A classic Christian devotional book that I return to often is “The Imitation of Christ” by Thomas a Kempis. Written in the 15th century, it has influenced everyone from Martin Luther to Dietrich Bonhoeffer. Here is a thought-provoking passage from the opening chapter of this book, which I have set in verse because it helps me to read it more prayerfully:
The Highest Wisdom
This is the highest wisdom: To see the world as it truly is, fallen and fleeting; to love the world not for its own sake, but for God’s; and to direct all your effort toward achieving the kingdom of heaven. So, it is vanity to seek material wealth that cannot last and to place your trust in it. It is also vanity to seek recognition and status. It is vanity to chase after what the world says you should want and to long for things you should not have, things that you will pay a high price for later on if you get them. It is vanity to wish for a long life and to care little about a good life. Make every effort, then, to shift your affections from the things that you can see to the things you cannot see, for people who live in the world on its terms instead of on God’s stain their conscience and lose God’s grace.
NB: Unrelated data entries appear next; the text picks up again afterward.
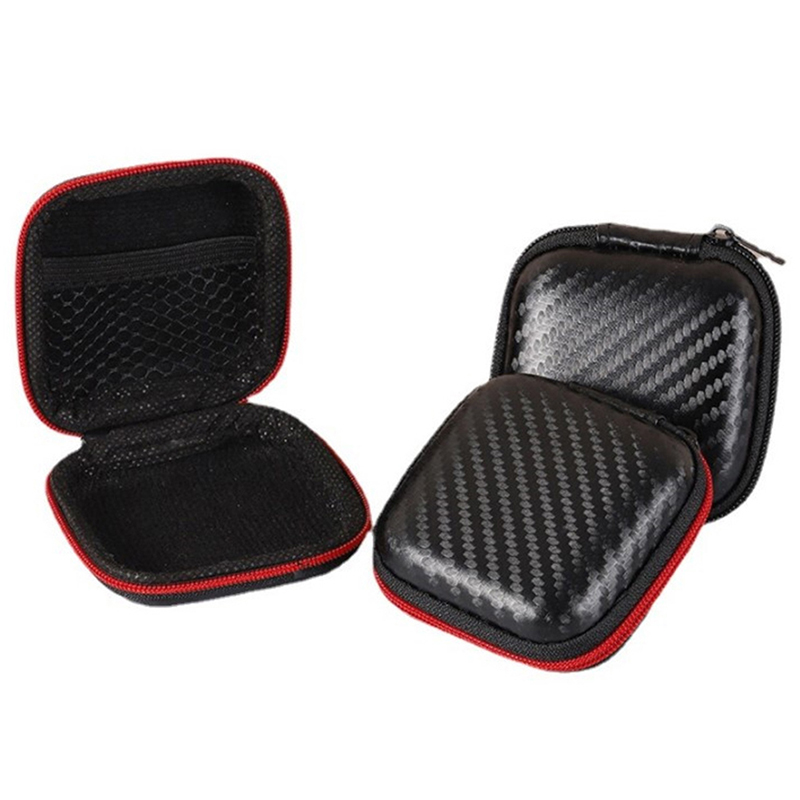 Travel Accessories Box - 이어폰 와이어 정리함 휴대용 여행용 지퍼
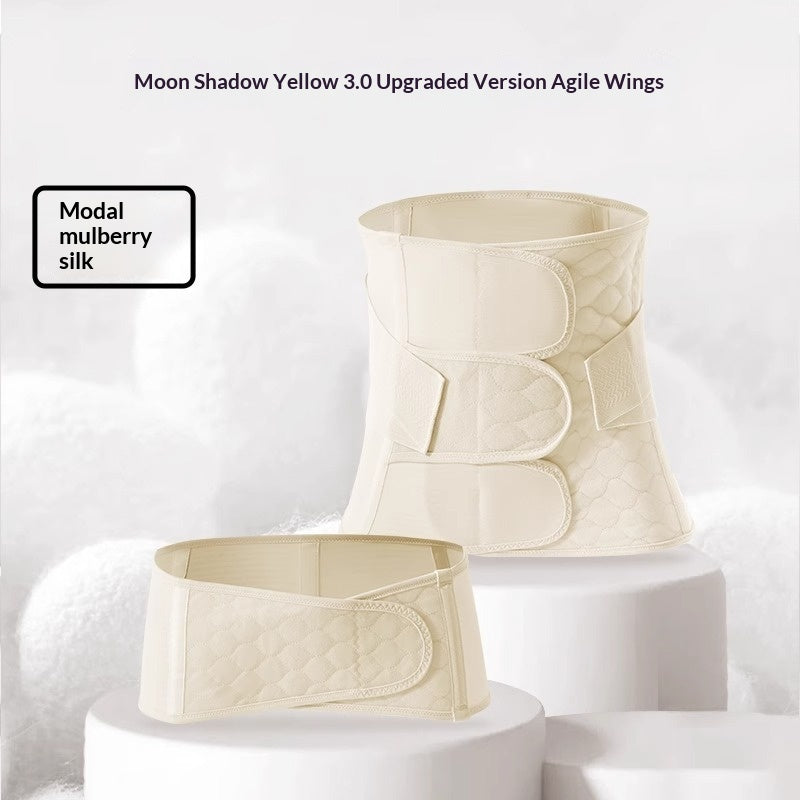 Hot-Selling Modal Mulberry Silk Belly Band Set with Gift Box Taro Purple - hot-selling [modal mulberry silk belly band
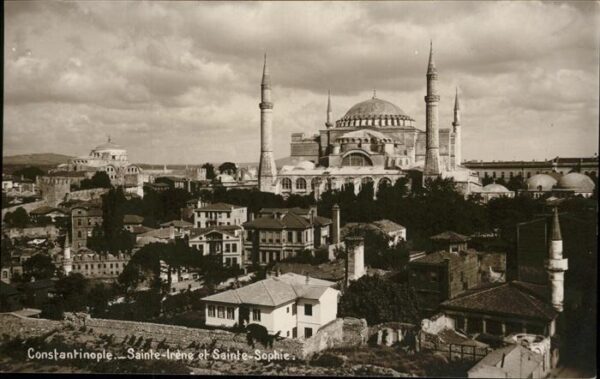 Istanbul Constantinopel Sainte Irene Sainte Sophie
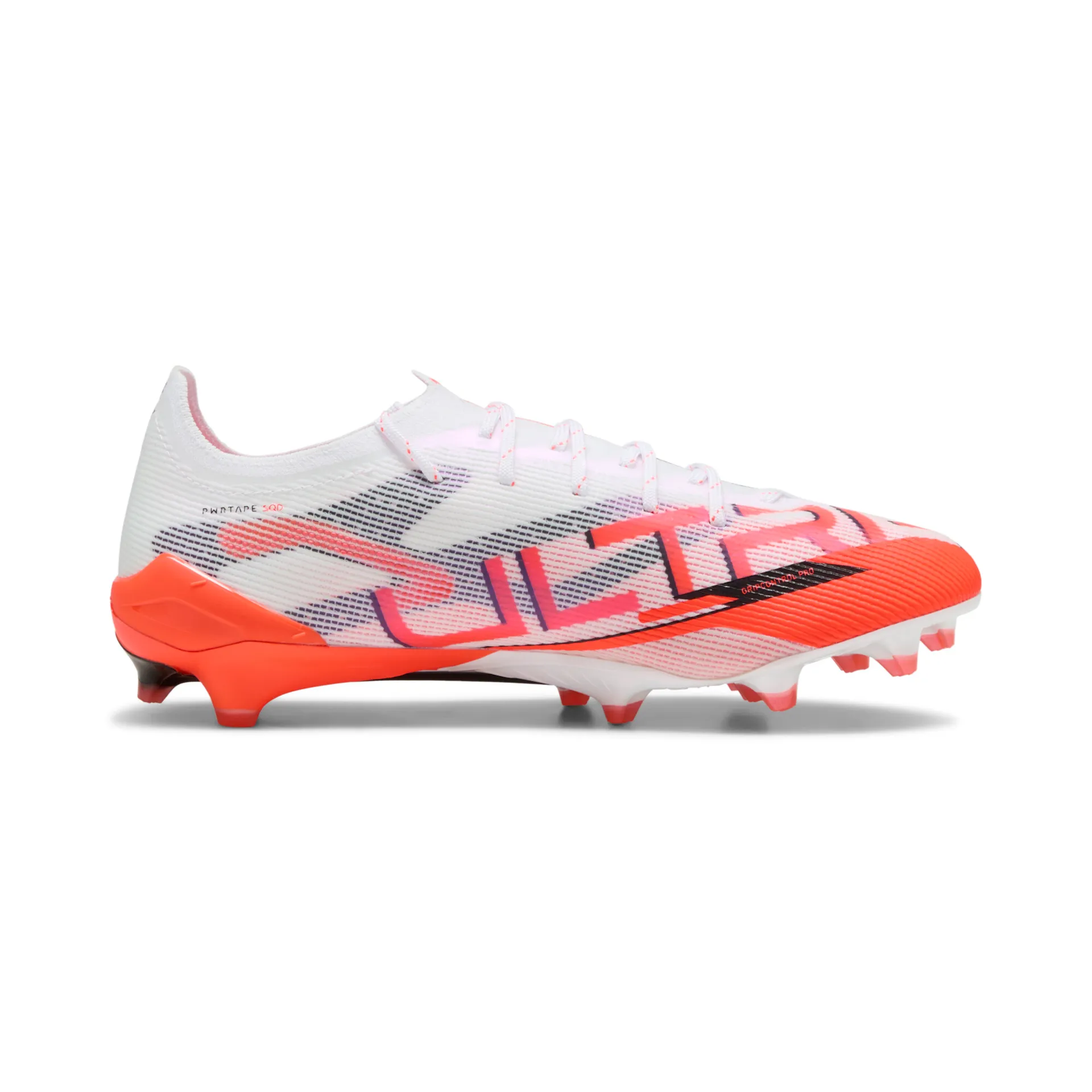 PUMA ULTRA 5 ULTIMATE FG PUMA WHITE-PUMA BLACK-GLOWING RED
I have been reading this book, and these words, for over thirty years, and they never fail to move me. Whenever I reopen the pages of this book, I am reminded right from the start of what is truly important in life. And what is truly important is not material wealth, or recognition, or status, or even a long life. These are all vanity, “but a chasing after the wind,” in the wise words of Ecclesiastes 1:17. They are all fleeting. The highest wisdom is to realize this, Thomas teaches us. But not just to realize it – the highest wisdom, he teaches us, is to see the world as fallen and fleeting and, at the same time, to love the world. Not for its own sake, he writes, but for God’s. This, to me, is one of the great challenges of the Christian life, and what it means to be “in the world but not of it.” We are challenged to see this world as fallen and fleeting, which it certainly is, and to love it anyway. But to love it on God’s terms and not for its own sake. If God “so loved the world,” then so should we, but we should strive to love the world in the same way that God loves the world. How do we do this? By following the example of Jesus, by imitating Christ.
Thomas goes on in this passage to teach us that we should direct all our effort toward achieving the kingdom of heaven. As Lutherans, we might object to language like “achieving” the kingdom of heaven. After all, we believe that the kingdom of heaven is a gift that Jesus died to give us. And it’s true – I don’t believe that we can achieve the kingdom of heaven; but I do believe that we are called to seek God’s kingdom first, and above all else. As Jesus put it, “strive first for the kingdom of God and his righteousness, and all these things will be given to you as well.” (Matthew 6:33)
As Lutherans, we might also object to the last phrase quoted above – “People who live in the world on its terms instead of on God’s stain their conscience and lose God’s grace.” And again, while I don’t believe that we can lose God’s grace, I see a kernel of truth here, because I do believe that we, like the prodigal son, can waste God’s grace. We can squander it away by chasing the things of this “fallen and fleeting” world. We can, and too often do, waste God’s grace. But we cannot not lose God’s grace, because when we wander away and squander our inheritance, our heavenly Father faithfully waits for our return. Just as the father waited for his prodigal son in Jesus’ famous parable, so God waits for us. The grace and love of God, waiting for us, waiting for the moment we come to our senses, like the prodigal, and head for home. And then? The grace of God running to meet us, ready to throw us a party like no other, a party that nothing in this fallen and fleeting world can ever hope to rival.
It is surely vanity to want anything other than this, isn’t it? And it is the highest wisdom to realize it.